Not having siphoned before, and in the company of one of my lower companions who made a practice of siphoning at every opportunity, I looked to him for help.  He looked at me with wonder and contempt.

“Just suck until the gas starts to flow, then put the hose in the other tank.”

I could do suction, it turned out, but the transfer turned out to be more awkward than my former friend had indicated.  In any case, experienced thus in the unexpected art of gargling gasoline, it was a far easier job the next time, and the times after that.  No need to go into the circumstances requiring subsequent applications of this practice.

I’m on my own these days, not that I don’t have friends, but having seen the catalog of my incompetence on a pal’s face, I have learned not to broadcast the full range of skills never acquired.  Which is a shame, because the only recourse then is to dig up one of the instructional videos on YouTube, and that’s really the subject of today’s sermon.

Those more familiar with the range of expertise appearing on these how-to lessons are surely more wary than I was, and although no imbibing of gasoline took place, let’s just say that my first attempt to change the oil in my riding mower turned out to be unfortunate.

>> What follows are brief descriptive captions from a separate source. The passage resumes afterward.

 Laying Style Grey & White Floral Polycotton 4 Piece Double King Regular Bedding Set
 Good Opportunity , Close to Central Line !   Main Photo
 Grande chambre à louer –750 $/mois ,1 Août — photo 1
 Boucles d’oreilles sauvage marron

Before I detail the deceptions these so-called experts practiced upon me and the garage floor, I do want to confess that in my blessedly short career aboard a guided missile destroyer in the service of the US Navy, I was a Machinist’s Mate Third Class. I had gone through Basic Propulsion and Engineering, Advanced Propulsion and Engineering, Thermodynamics, and had begun instruction in the maintenance of nuclear reactors when I flunked a vision test and was assigned to the USS Sellers, DDG 11, waiting for me in Charleston, South Carolina.  Despite hours spent understanding the concepts behind the operation of steam-powered engines, I had not actually seen one.

What to do?  Let me remind you that this vessel carried guided missiles.  I was pretty sure the ship, the Navy, and the civilized world would not be well served by any inadvertent jumbling I did with super-heated steam under pressure, so I volunteered for every vile duty nobody else wanted to take on.  I scraped paint, pumped bilges, stood watch every night, and avoided the engine room throughout my tour.  Gratefully discharged, I vowed never to put myself in a position in which my lack of experience could do damage to unsuspecting things and people.

And then … we moved to southern Oregon, settled into country life, and inevitably found that if I tried to mow our acreage by hand, my life in retirement would be nasty, brutish, and short.  We found a local hardware store that carried all the power tools and vehicles we needed to maintain the place, listened carefully to the instructions given us by the cheerful sales folks, tucked the manuals into folders near the machines, bought the necessary fluids, and began our new lives confident in our ability to keep the place tidy.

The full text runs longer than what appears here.